Effective Date of Substitute Bill: The bill takes effect 90 days after adjournment of the session in which the bill is passed.
Staff Summary of Public Testimony:
(In support) This bill is about protecting consumers' access to services. When consumers buy a health plan, they should know whether all mandated services are covered in order to make informed decisions. This bill is also about fairness in the insurance market, since a plan that refuses to cover certain benefits will be competing in the market alongside plans that offer the benefit. Consumers already face enough barriers to access. Finding, keeping, and dealing with insurance can be terrifying. When services are excluded, there should be a way for consumers to get information that is upfront and transparent. The burden should not be solely on the consumer to fill the gaps by finding the services and covering the costs. These are gaps that have life-changing consequences, especially for young people trying to deal with their futures.

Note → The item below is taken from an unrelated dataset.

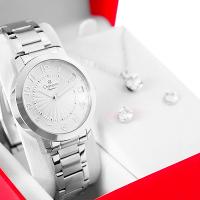 Relógio Feminino Champion Prata Analógico CN25118Q Kit Colar e Brincos - 5
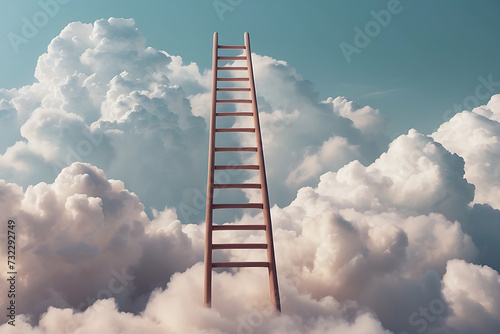 A ladder ascending into the clouds  symbolizing growth  future  and development  depicted with a palette of soft pastel colors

Consumers must know how to access urgent services, especially in emergencies. The provisions of this bill requiring the Health Benefit Exchange to provide information to consumers are insufficient. The Office of the Insurance Commissioner or another state agency should provide the information. Providing the information on a state website will ensure it is readily available at all times, not just at the time of enrollment or renewal.
Persons Testifying: Representative Stonier, prime sponsor; Lonnie Johns-Brown, Office of the Insurance Commissioner; Emily Murphy and Kathryn Karcher, NARAL Pro-Choice Washington; and Steve Breaux, Planned Parenthood Votes.
Persons Signed In To Testify But Not Testifying: None.